:: Problem to work on ::
Transcribe exactly the lines below that begin at the line with "Victoria Beckham Top, Dame, Sort, S, Bomuld, Sort" and stop after the line with "JJOO gift-ready changing", leaving out every picture.

:: Supplied records ::
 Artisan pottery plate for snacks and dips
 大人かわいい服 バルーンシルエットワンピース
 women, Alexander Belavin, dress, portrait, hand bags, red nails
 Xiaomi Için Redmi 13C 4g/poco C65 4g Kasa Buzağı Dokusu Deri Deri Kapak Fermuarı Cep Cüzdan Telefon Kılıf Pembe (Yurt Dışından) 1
...
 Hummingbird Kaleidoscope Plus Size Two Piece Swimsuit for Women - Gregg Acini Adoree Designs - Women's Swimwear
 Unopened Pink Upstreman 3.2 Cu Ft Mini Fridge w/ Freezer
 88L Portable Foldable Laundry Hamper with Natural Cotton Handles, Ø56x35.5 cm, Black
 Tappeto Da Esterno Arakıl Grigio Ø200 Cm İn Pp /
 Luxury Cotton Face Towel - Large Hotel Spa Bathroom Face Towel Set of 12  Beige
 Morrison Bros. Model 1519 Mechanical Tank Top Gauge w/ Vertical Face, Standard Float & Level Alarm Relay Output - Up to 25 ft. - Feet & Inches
==
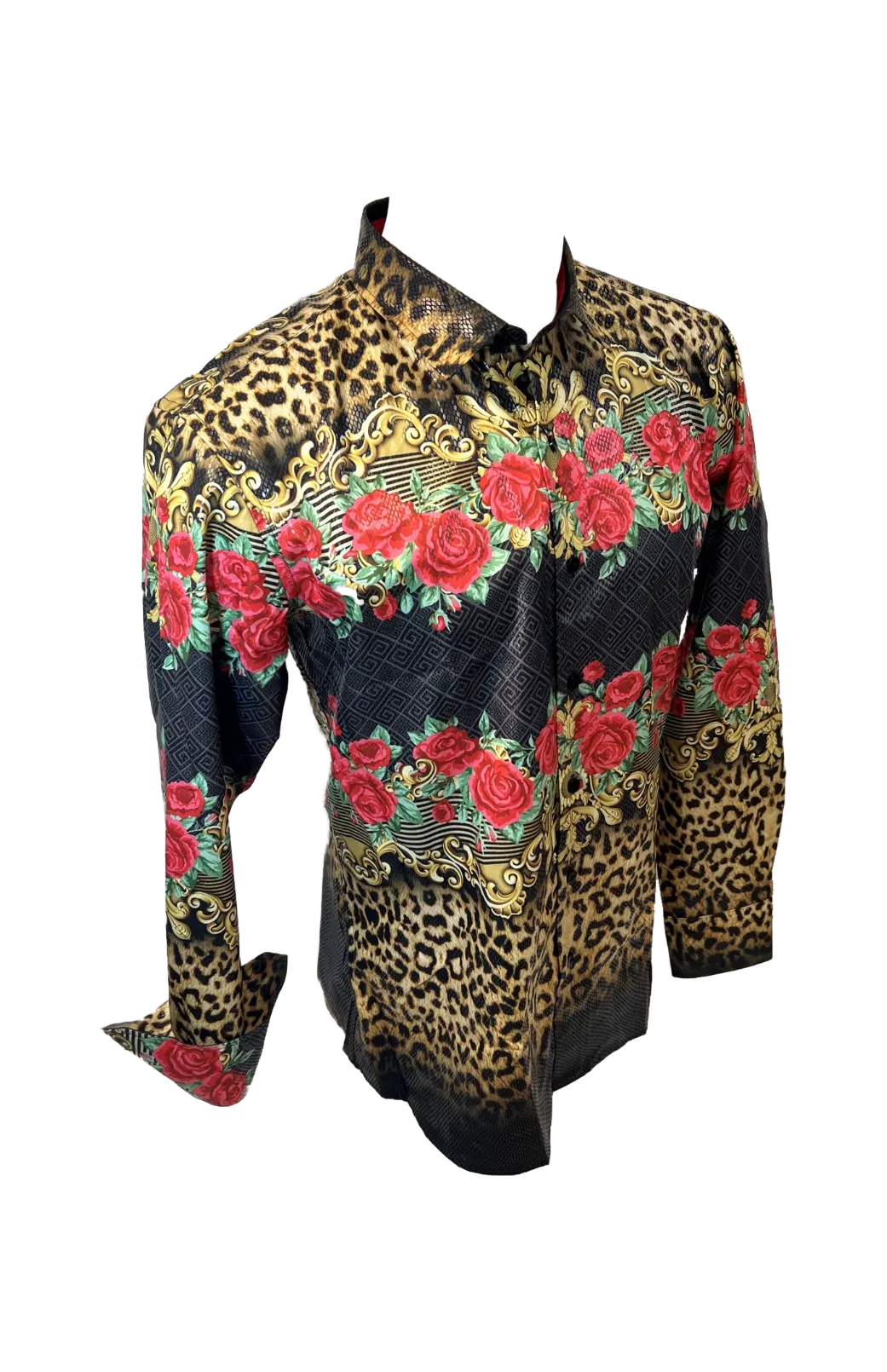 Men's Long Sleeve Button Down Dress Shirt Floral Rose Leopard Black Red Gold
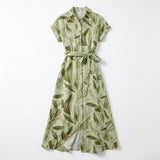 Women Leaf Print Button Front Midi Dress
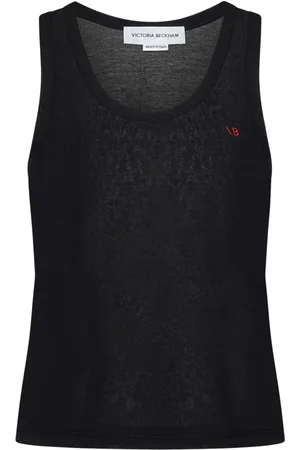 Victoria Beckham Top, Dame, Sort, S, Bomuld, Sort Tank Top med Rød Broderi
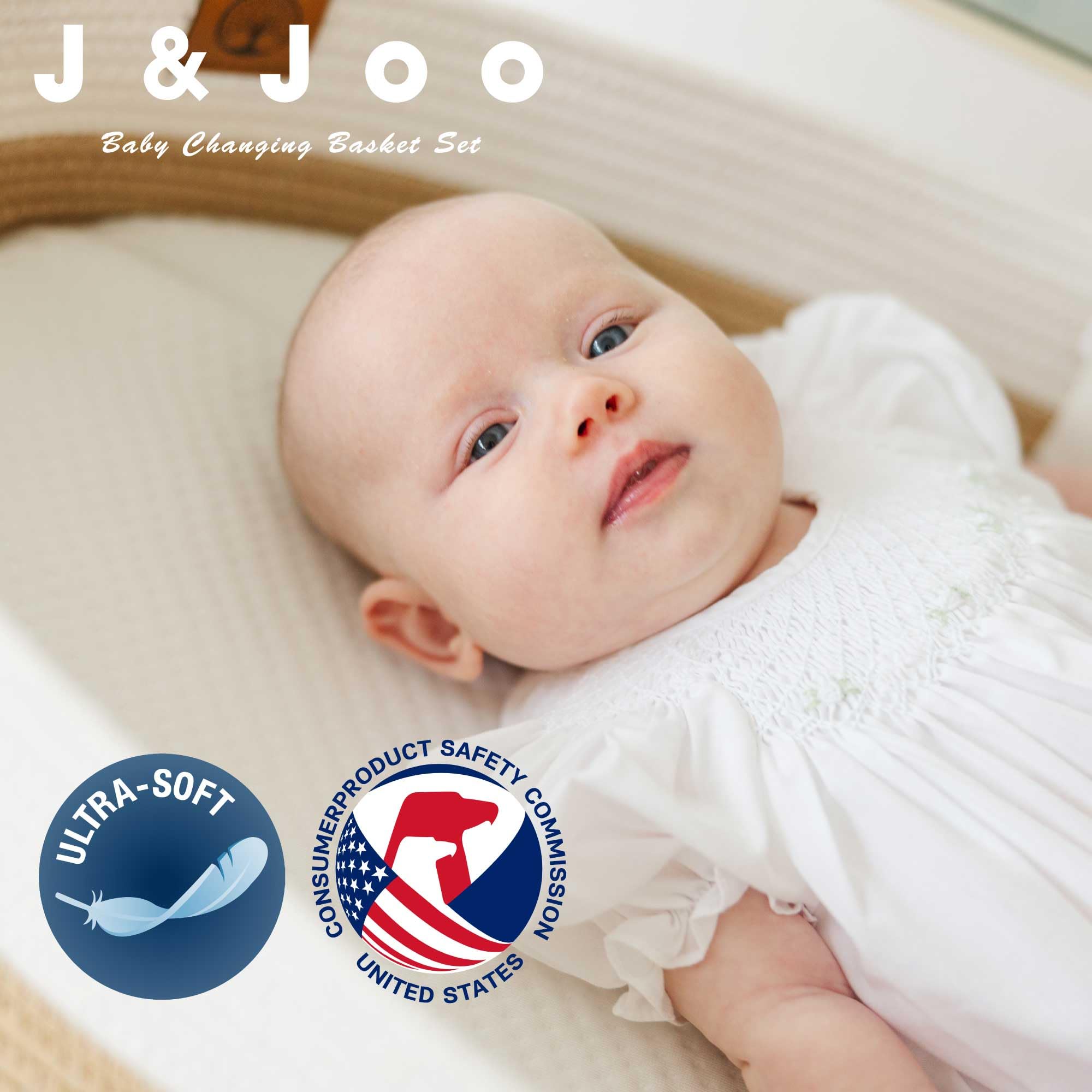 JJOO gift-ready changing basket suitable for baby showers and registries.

:: Exercise answer ::
 Victoria Beckham Top, Dame, Sort, S, Bomuld, Sort Tank Top med Rød Broderi
 JJOO gift-ready changing basket suitable for baby showers and registries.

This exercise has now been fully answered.